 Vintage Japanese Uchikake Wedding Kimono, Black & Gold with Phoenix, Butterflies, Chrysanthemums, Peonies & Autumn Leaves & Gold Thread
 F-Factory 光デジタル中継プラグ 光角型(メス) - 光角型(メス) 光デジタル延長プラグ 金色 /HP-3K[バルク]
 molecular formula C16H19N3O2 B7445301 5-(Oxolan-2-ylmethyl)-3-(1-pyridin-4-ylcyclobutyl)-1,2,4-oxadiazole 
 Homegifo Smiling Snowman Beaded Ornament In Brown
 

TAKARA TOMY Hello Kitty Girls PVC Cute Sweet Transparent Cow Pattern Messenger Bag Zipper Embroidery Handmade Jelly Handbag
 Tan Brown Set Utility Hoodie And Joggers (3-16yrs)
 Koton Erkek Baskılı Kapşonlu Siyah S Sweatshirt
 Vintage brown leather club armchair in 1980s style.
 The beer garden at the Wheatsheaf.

.....

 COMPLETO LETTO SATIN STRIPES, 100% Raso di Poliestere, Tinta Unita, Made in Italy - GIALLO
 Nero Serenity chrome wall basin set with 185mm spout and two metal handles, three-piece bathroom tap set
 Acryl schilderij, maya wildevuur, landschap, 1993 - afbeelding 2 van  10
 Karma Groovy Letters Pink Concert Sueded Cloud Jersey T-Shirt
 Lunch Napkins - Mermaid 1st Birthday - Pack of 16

.....

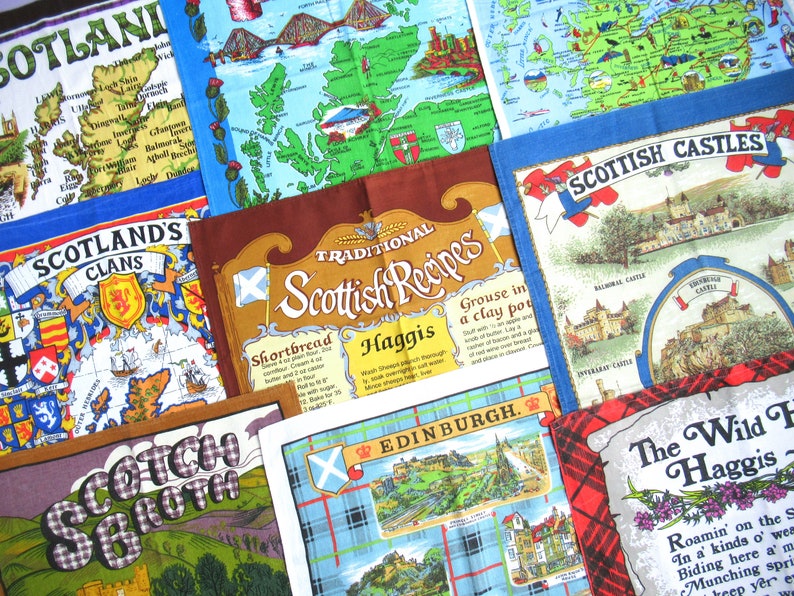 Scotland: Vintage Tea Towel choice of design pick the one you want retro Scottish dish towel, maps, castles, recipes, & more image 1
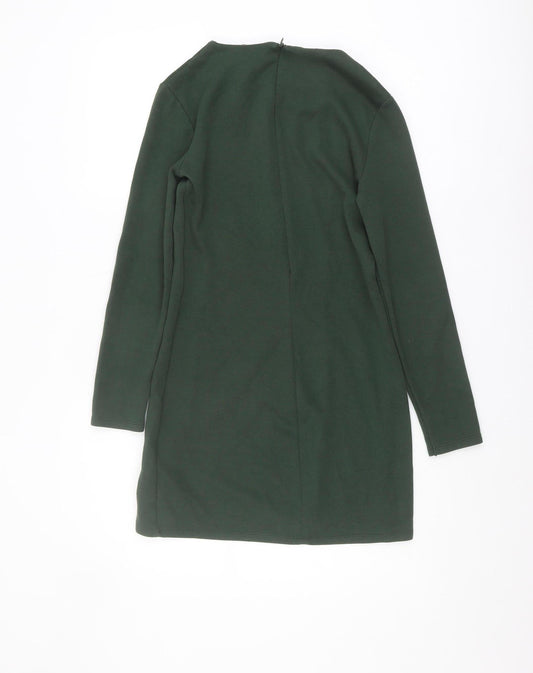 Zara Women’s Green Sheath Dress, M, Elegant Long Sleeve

.....

_What is required_
Retype exactly the lines above, from the one with "molecular formula C16H19N3O2" through the one with "The beer garden at the Wheatsheaf.", inclusive.

_Answer area_
 molecular formula C16H19N3O2 B7445301 5-(Oxolan-2-ylmethyl)-3-(1-pyridin-4-ylcyclobutyl)-1,2,4-oxadiazole 
 Homegifo Smiling Snowman Beaded Ornament In Brown
 

TAKARA TOMY Hello Kitty Girls PVC Cute Sweet Transparent Cow Pattern Messenger Bag Zipper Embroidery Handmade Jelly Handbag
 Tan Brown Set Utility Hoodie And Joggers (3-16yrs)
 Koton Erkek Baskılı Kapşonlu Siyah S Sweatshirt
 Vintage brown leather club armchair in 1980s style.
 The beer garden at the Wheatsheaf.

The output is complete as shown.